---------- Recorded data
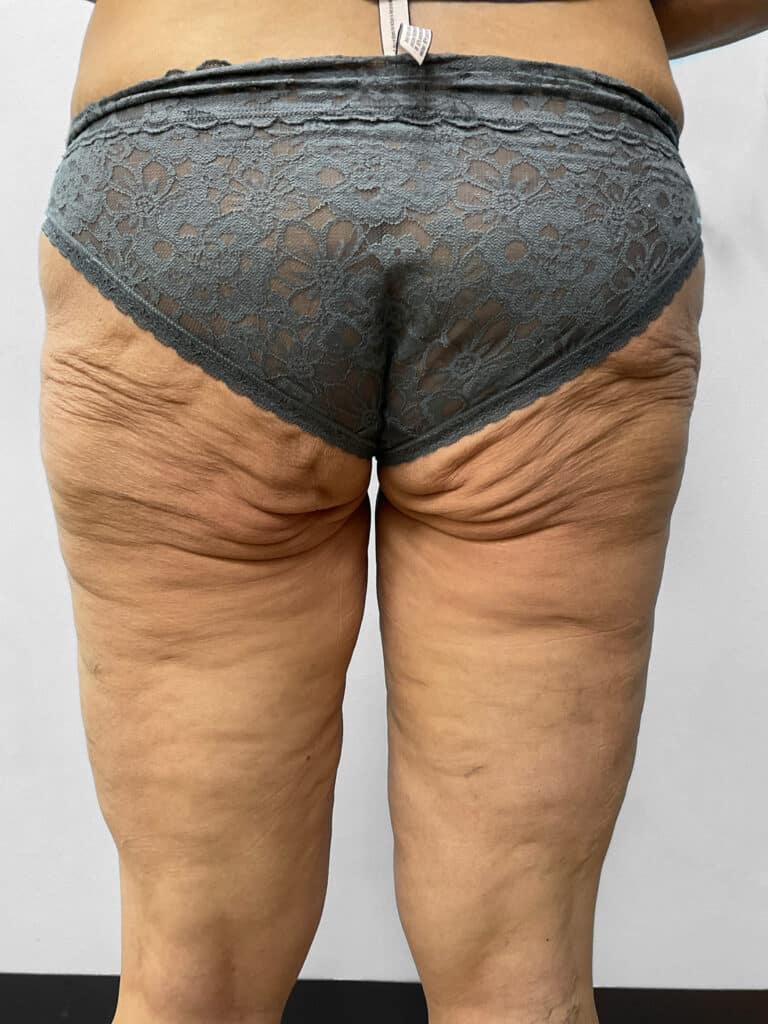 Before Image: Thigh Liposuction – Dr. Howell - back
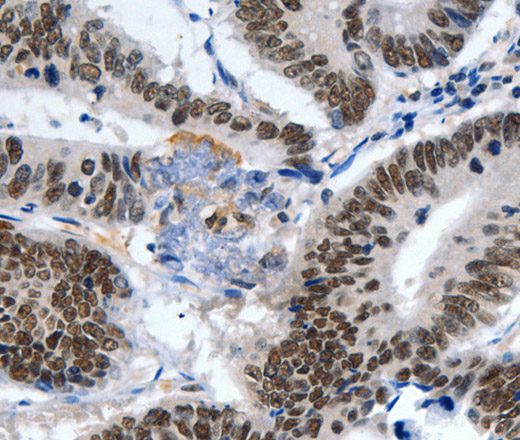 LRP5 Polyclonal Antibody (E-AB-12546)
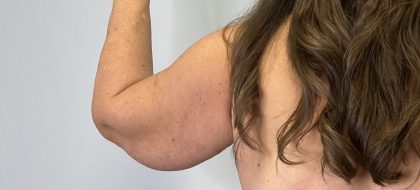 Arm Lift (Scarless Arm Lift) Before & After Patient #5958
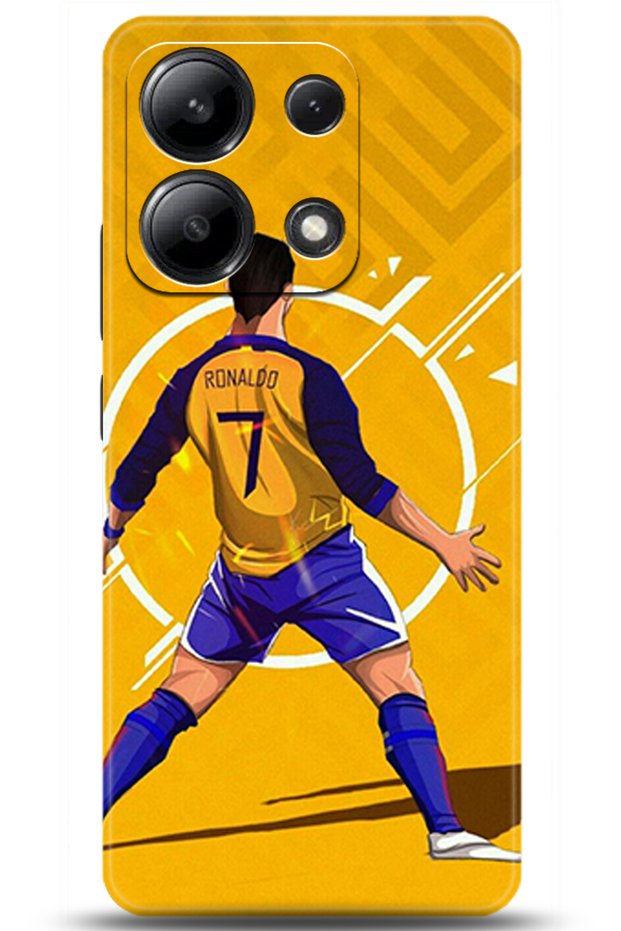 Xiaomi Redmi Note 13 4g Case Hd Printed Case - Like You Series 5093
--------------------
**Your assignment:**
The reply should consist only of the lines running from the one with "LRP5 Polyclonal Antibody (E-AB-12546)" through the end of the material, both included, copied exactly; please omit pictures.

**Answer to the exercise:**
 LRP5 Polyclonal Antibody (E-AB-12546)
 Arm Lift (Scarless Arm Lift) Before & After Patient #5958
 Xiaomi Redmi Note 13 4g Case Hd Printed Case - Like You Series 5093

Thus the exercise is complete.